START Information shown

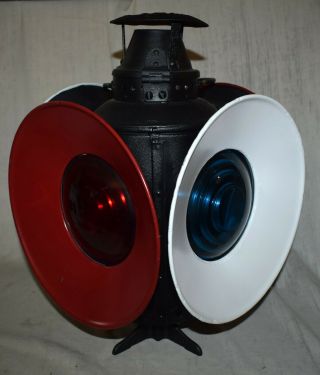 Vintage Adlake Reading Co.  Four Way Railroad Switch Lamp / Signal Lantern
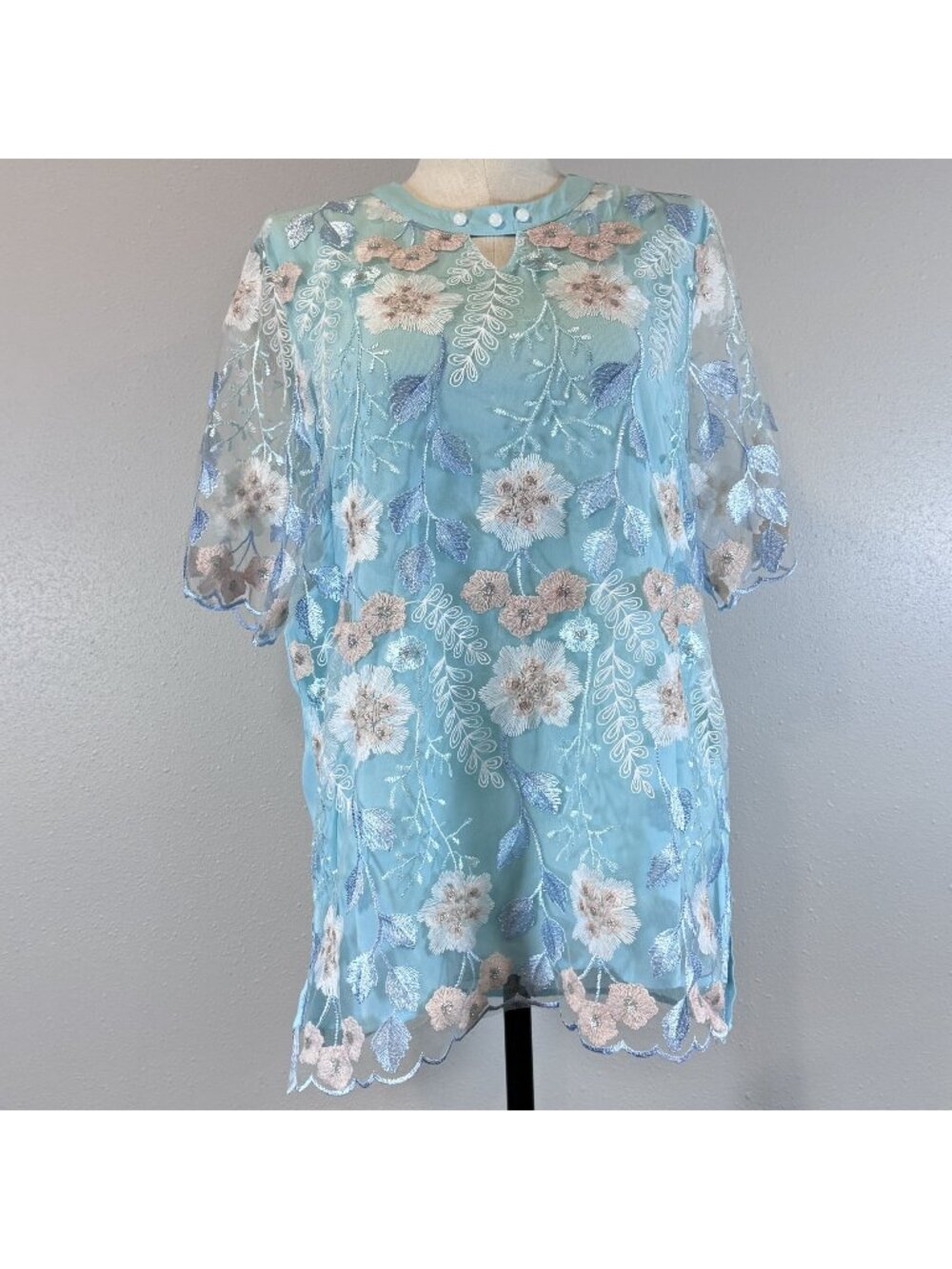 Floral Embroidered Sheer Overlay Tunic Blouse XXL Keyhole Light Turquois Silver
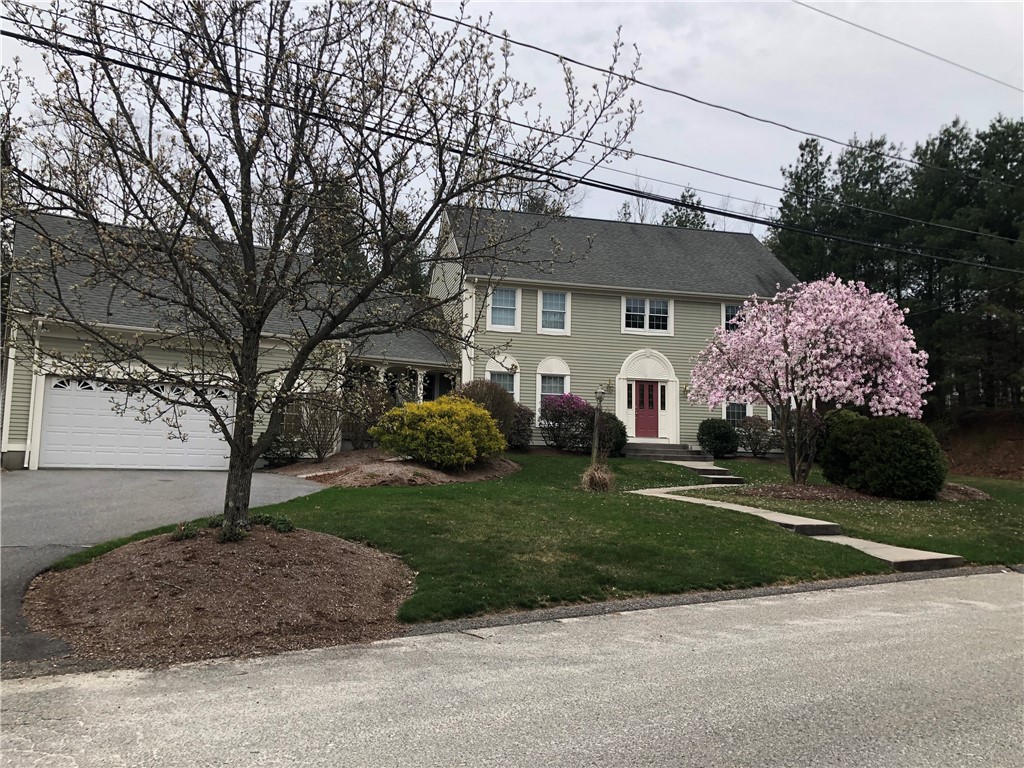 16 Frederick Lane Cumberland, RI 02864 - Photo 2 of 23 spring season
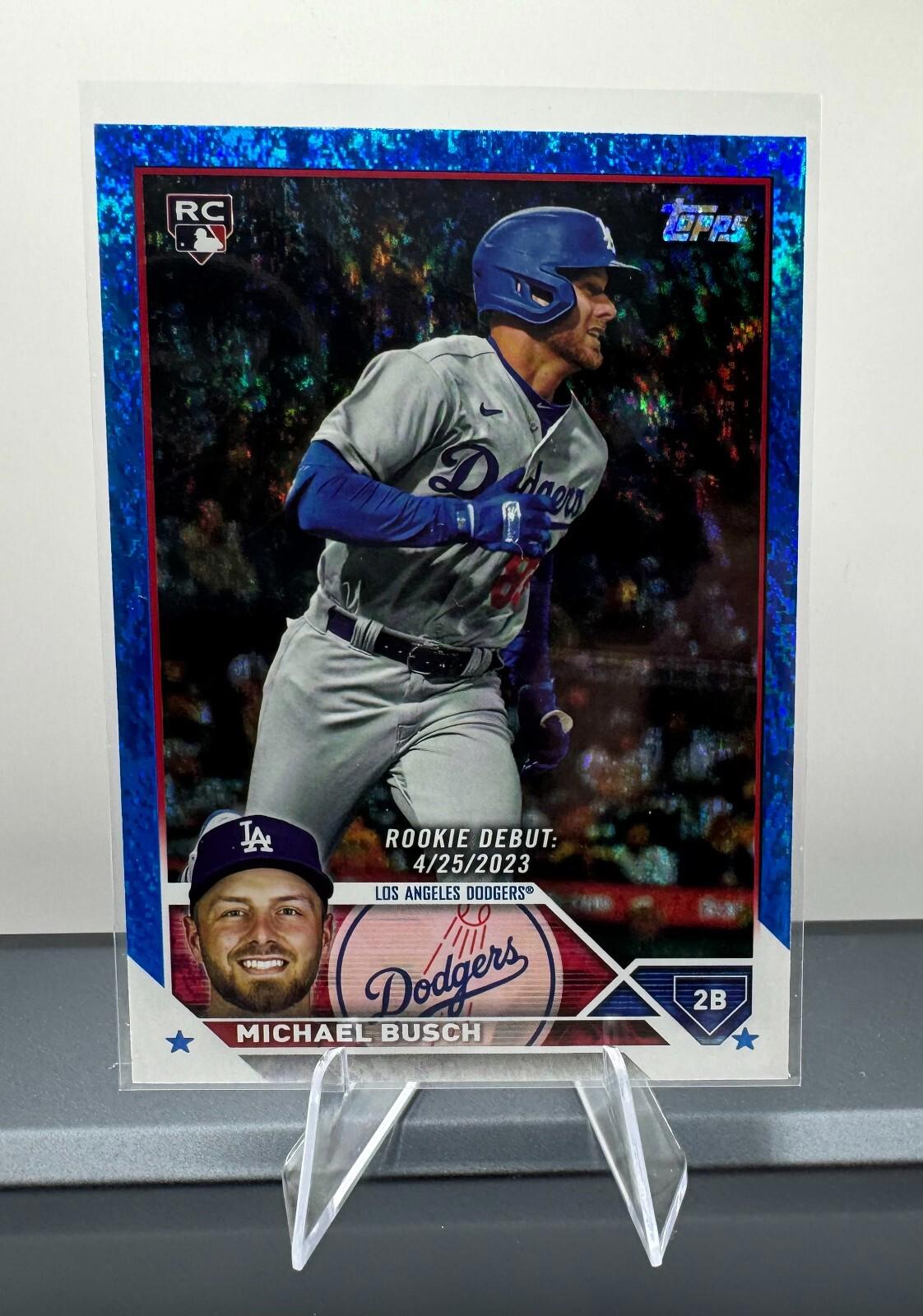 2023 Topps Update Blue Sparkle Refractor Michael Busch # US66. SP /999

END Information shown

**The problem**: The lines from the one containing "Floral Embroidered Sheer" to the end of the material must be output exactly, both ends included; no picture may appear.

**Solution to this task**:
 Floral Embroidered Sheer Overlay Tunic Blouse XXL Keyhole Light Turquois Silver
 16 Frederick Lane Cumberland, RI 02864 - Photo 2 of 23 spring season
 2023 Topps Update Blue Sparkle Refractor Michael Busch # US66. SP /999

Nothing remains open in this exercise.